The average cost of an application going down has risen
to £150,000 an hour at Fortune 1,000 firms, according to a survey
of 300 IT managers.
Although a troubleshooting incident might cost £650 to resolve,
the economic cost of an application outage can be much higher, the
report from configuration management supplier
mValent found.
Ensuring high availability for mission-critical applications and
business services was the top priority for more than 90% of the
Fortune 1,000 IT managers polled.
The next highest priorities were to ensure IT audit/compliance,
with 79% rating it either top or high priority, and to improve IT's
ability to service the business.
More than eight out of 10 said ensuring IT compliance with
internal guidelines and external regulatory requirements is a top
priority or important this year. Improving IT productivity is high
on the list for 80% of respondents.
mValent found "the average
Global 2000 enterprise has more than 1000
applications, change is continuous and IT teams are being asked to
support an ever-growing volume of applications.

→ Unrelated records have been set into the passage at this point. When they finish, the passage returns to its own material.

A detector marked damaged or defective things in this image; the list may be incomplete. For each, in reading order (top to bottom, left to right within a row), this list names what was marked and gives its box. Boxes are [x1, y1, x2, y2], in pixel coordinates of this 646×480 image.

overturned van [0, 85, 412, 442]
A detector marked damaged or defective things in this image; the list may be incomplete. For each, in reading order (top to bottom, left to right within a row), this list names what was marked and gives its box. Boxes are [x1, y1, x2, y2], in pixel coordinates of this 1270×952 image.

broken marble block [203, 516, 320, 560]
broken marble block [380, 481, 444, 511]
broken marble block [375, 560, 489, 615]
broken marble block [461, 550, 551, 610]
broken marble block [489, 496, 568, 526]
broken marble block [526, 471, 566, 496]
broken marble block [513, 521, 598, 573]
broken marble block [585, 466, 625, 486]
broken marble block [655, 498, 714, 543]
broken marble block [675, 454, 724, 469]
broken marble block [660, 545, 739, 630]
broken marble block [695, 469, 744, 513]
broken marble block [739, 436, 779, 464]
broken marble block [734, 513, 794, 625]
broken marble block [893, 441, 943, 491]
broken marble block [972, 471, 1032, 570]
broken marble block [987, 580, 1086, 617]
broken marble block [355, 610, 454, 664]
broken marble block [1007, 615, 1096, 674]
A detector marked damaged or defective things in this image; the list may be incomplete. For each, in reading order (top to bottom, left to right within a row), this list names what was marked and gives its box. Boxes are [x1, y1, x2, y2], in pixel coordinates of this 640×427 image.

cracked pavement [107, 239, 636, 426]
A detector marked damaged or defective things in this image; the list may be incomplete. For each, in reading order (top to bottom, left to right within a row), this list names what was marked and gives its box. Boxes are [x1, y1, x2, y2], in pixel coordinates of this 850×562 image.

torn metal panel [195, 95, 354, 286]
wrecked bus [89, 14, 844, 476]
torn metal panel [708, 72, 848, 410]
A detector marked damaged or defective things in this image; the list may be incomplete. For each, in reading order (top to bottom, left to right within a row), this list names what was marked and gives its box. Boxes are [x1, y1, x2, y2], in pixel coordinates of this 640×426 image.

"On top of this, IT organisations are struggling with the fact
that the rate of IT infrastructure change has gone way up - a
significant complexity multiplier. In fact Gartner estimates that
until 2010, 60% of IT resources will be consumed by IT
change-related activity."
The survey found that the average Fortune 1000 firm has 11 staff
to deal with changes to systems. "This is a team sport," say the
researchers. Even so, "it takes more than four days to install a
complete application infrastructure stack," they add.
As a result more are turning to formal application support
teams, and six in 10 either have to plan to spend money on
automated configuration management systems.